Over the past year, the work-family discussion has been injected with a massive shot of adrenaline. Much of the resurgence of interest has resulted from the advice and actions of some highly accomplished women. Their overtures and the public reaction to them has enabled all to clearly see that those who thought the work-life dilemma has been resolved were very much mistaken.

The dramatic increase in our national discourse on work-family began with Princeton professor Anne-Marie Slaughter’s 2012 article in The Atlantic addressing the issue of “why women still can’t have it all.” In her piece, which became one of The Atlantic’s most widely read articles, Slaughter discussed her experience as a senior State Department official and her frustrations dealing with the organizational barriers that prevent women from reaching and staying at the top. At roughly the same time, the story of Marissa Mayer appeared. Mayer is the Stanford educated multi-millionaire CEO of Yahoo! who decided that her maternity leave would be 1-2 weeks and that she would work during that time. After returning to work, she issued an edict that no employee in her organization would be allowed to work from home (neither occasionally nor on a full-time basis). To be clear, she wasn’t offering advice, she was just exercising her corporate prerogative as the organization’s Chief Executive Officer. That said, her decision to end all work from home met with a less than stellar reception, no doubt exacerbated by the nursery being built next to her office to address her own work-family challenges.

Next we heard from Sheryl Sandberg, the Harvard-educated billionaire COO of one of America’s most famous internet companies who encouraged women to “lean-in” and stop undermining their own career advancement. While her thoughtful message placed more responsibility on women’s actions and in doing so may have let employers off the hook, her well-researched book added much to the conversation. In response to Lean In, last month Erin Callan, another well-to-do Harvard educated former CFO of the now defunct investment-banking giant Lehman Brothers posed the question in a NY Times opinion piece, “Is there Life After Work?”. Callan had succeeded in a man’s world but decried the price that she paid personally for pursuing her ambition.

And finally, just a few days ago Susan Patton, president of Princeton’s class of 1977, wrote a letter to The Daily Princetonian, “Advice for the young women of Princeton: the daughters I never had.” In it, Patton cautioned her younger fellow female “Princetonians” to stop worrying about leaning in or leaning out and do the thing that no one else had advised them to do – find a husband. And by all means they should do so while still at Princeton. Patton’s article stated that “Smart women can’t (shouldn’t) marry men who aren’t their intellectual equal. As Princeton women, we have almost priced ourselves out of the market. Simply put, there is a very limited population of men who are as smart or smarter than we are. And I say again – you will never again be surrounded by this concentration of men who are worthy of you.”

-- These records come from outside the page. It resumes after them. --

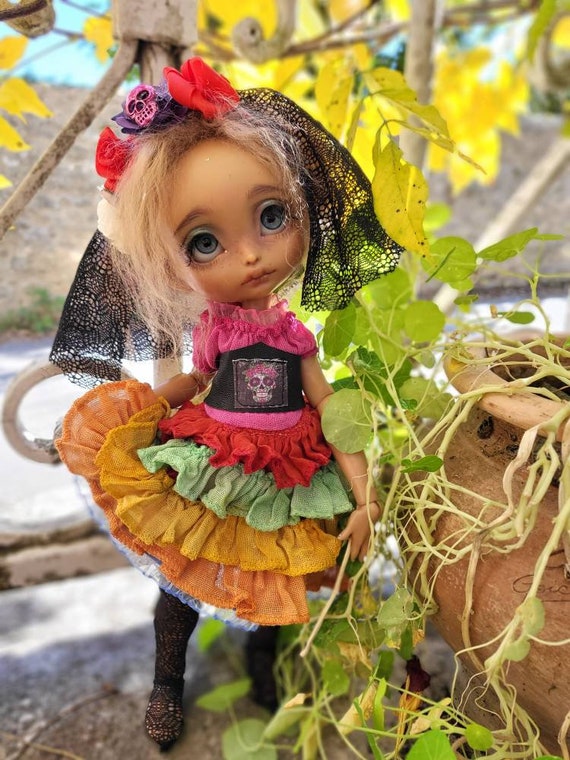 Dress poulpy outfit doll dress blythe dall garment doll 16 bjd Dress poulpy outfit doll dress blythe dall garment doll 16 bjd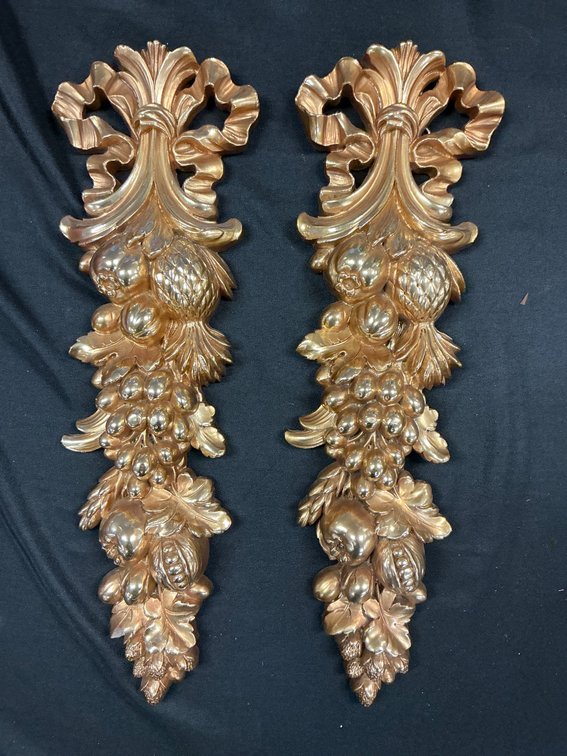 Syroco Gold-Tone Ornamental Wall Plaques, Pair, Made in USA 16”
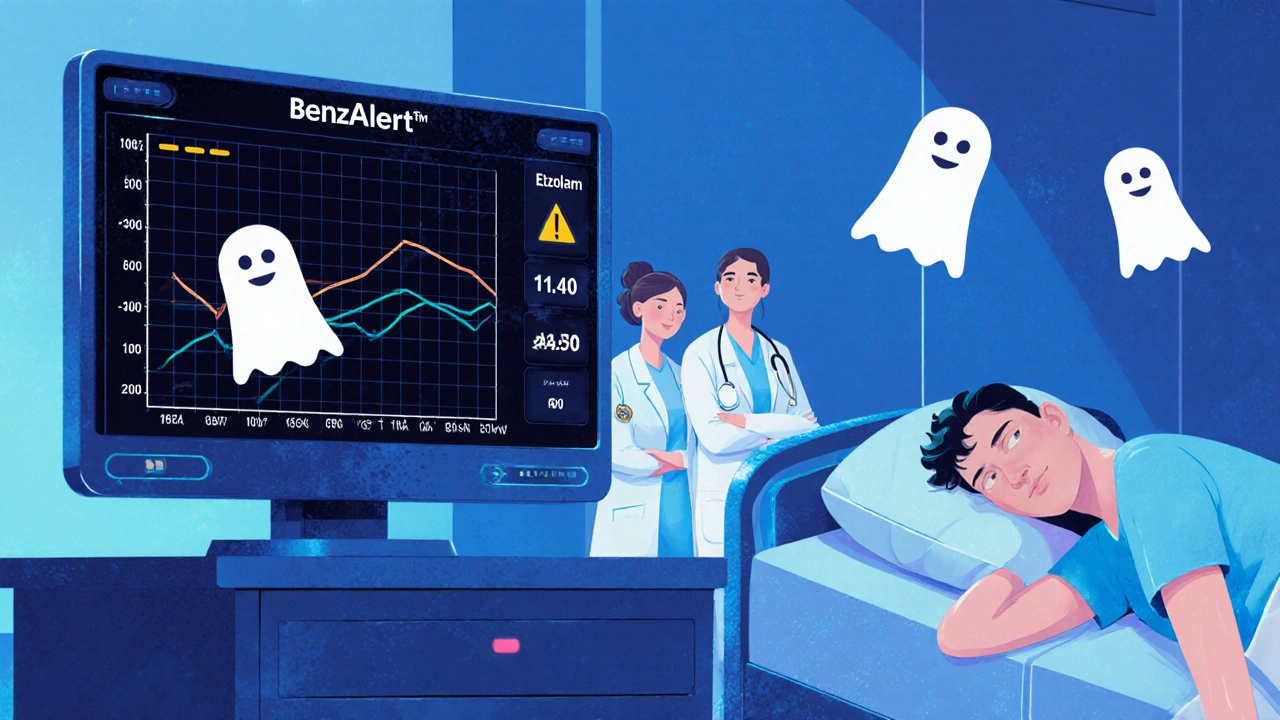 Doctor and nurse monitoring a patient with a futuristic benzodiazepine blood monitor.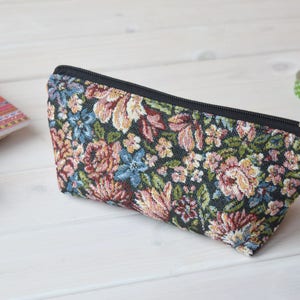 Make up bag, Toiletry bag, Cosmetic bag, Travel bag, Cosmetic case, Travel makeup bag, Zipper bag, Storage bag, Pencil case, Floral bags 画像 1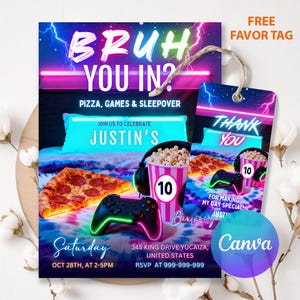 Puede incluir: Una invitación a una fiesta con el texto "BRUH YOU IN?" y "PIZZA, GAMES & SLEEPOVER". La invitación incluye pizza, palomitas de maíz y un mando de videojuegos. Una etiqueta de recuerdo a juego dice "THANK YOU". El evento es para el cumpleaños de Justin.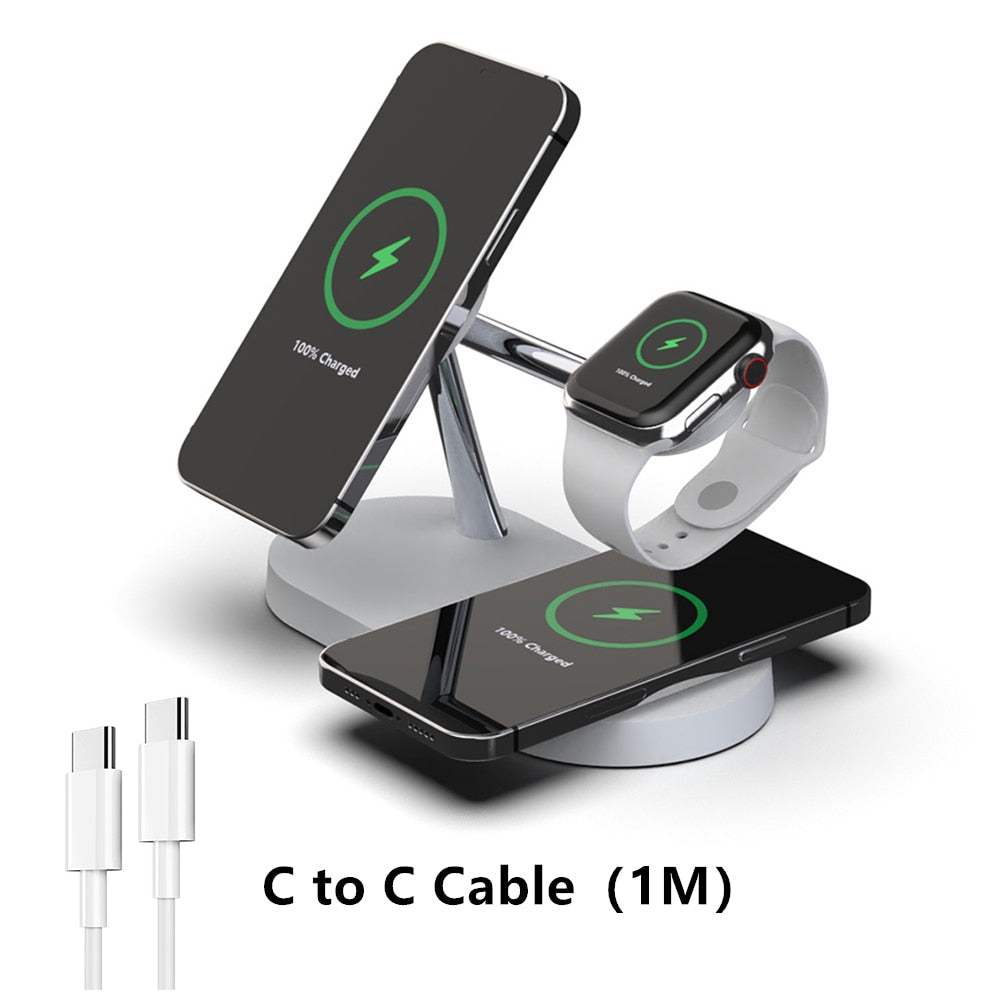 3 u 1 QI stanica za bežično punjenje za iPhone 14 13 12 Pro Max Magsafe Magnetic 20W brzo punjenje za Apple Watch Airpods Pro 2 3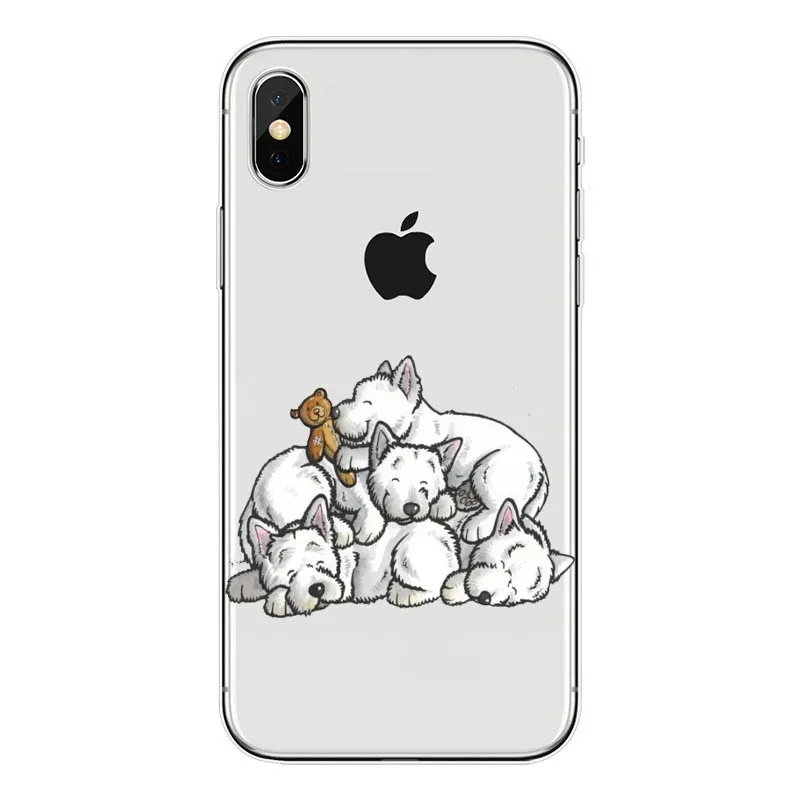 Encantador dos desenhos animados cao wetie Magro caso de telefone de silicone Macio Para iPhone 5 6 7 8 Plus Mais X XR Xmax - Цвет: TPU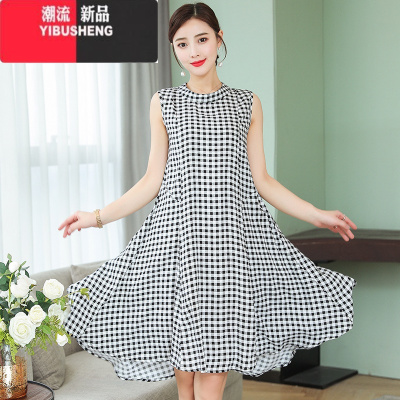 YIBUSHENG新款时尚气质棉绸连衣裙中长款女装季无袖宽松沙滩裙遮肚大摆裙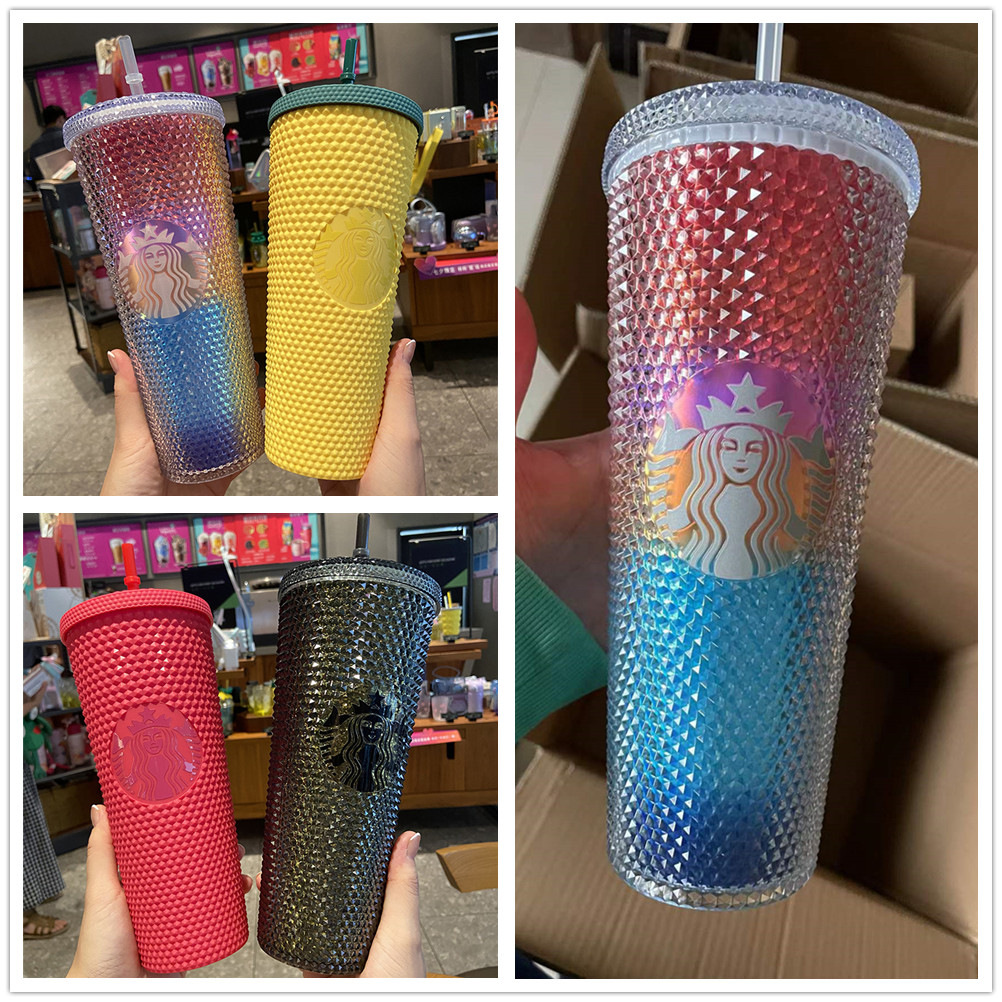 

New Starbucks Cold Mugs with LOGO Studded Godness 24oz 710ml Tumbler Double Wall Matte Plastic Coffee Cups With Straw Reusable Clear Drinking, 1lot=1cup+1lid+1straw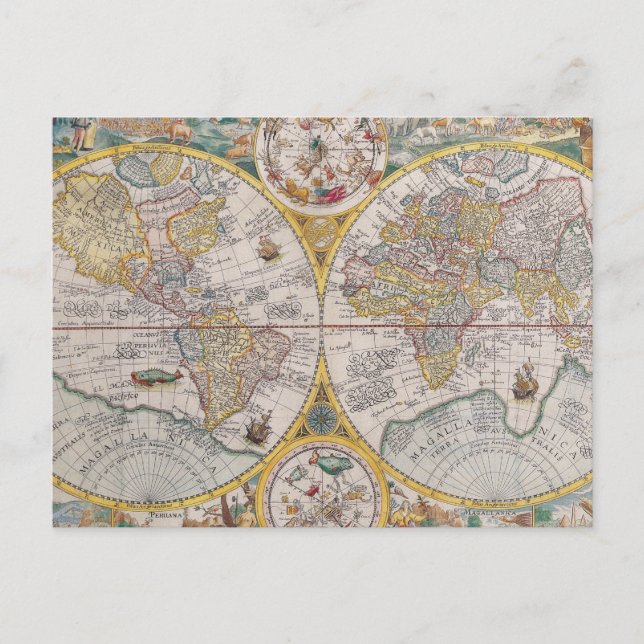 Medieval World Map From 1525 Postcard (Front)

Isn’t it reassuring to know that there are still a few hopeless romantics left in this crazy world of ours?

The reaction to all of these words of wisdom and actions has been swift, loud, and most of all loaded with the values that under-pin a very wide ranging set of perspectives. Let me add one more voice to the Greek chorus. I didn’t go to Princeton or Stanford or Harvard although my wife did (now she must finally understand the magnitude of the mistake she made 23 years ago when she uttered “I do”). I am not a CEO. I don’t make or have millions of dollars, and if I publish a book on how to be “successful”, I’m pretty sure it wouldn’t be a NY Times bestseller before its release date, or likely any time soon thereafter. That said I have been truly blessed in my life with a loving family, good health, and deeply interesting work. So you can be the judge of my credibility as I offer my own few words of advice.

For the past decade I have taught courses on careers and “following your life’s calling” to graduate and undergraduate students at a wonderful university. Beyond anything else, my courses are intended to take the students on an exotic and sometimes exhaustive journey to a place that too few have had the opportunity to fully explore – inside themselves. In my class, students reflect on their own life histories, their peak experiences, the values that drive them, the skills they’ve nurtured, their loves and their passions. They try to develop a vision for their lives that is guided by all of these and, dare I say, sometimes by their spiritual calling.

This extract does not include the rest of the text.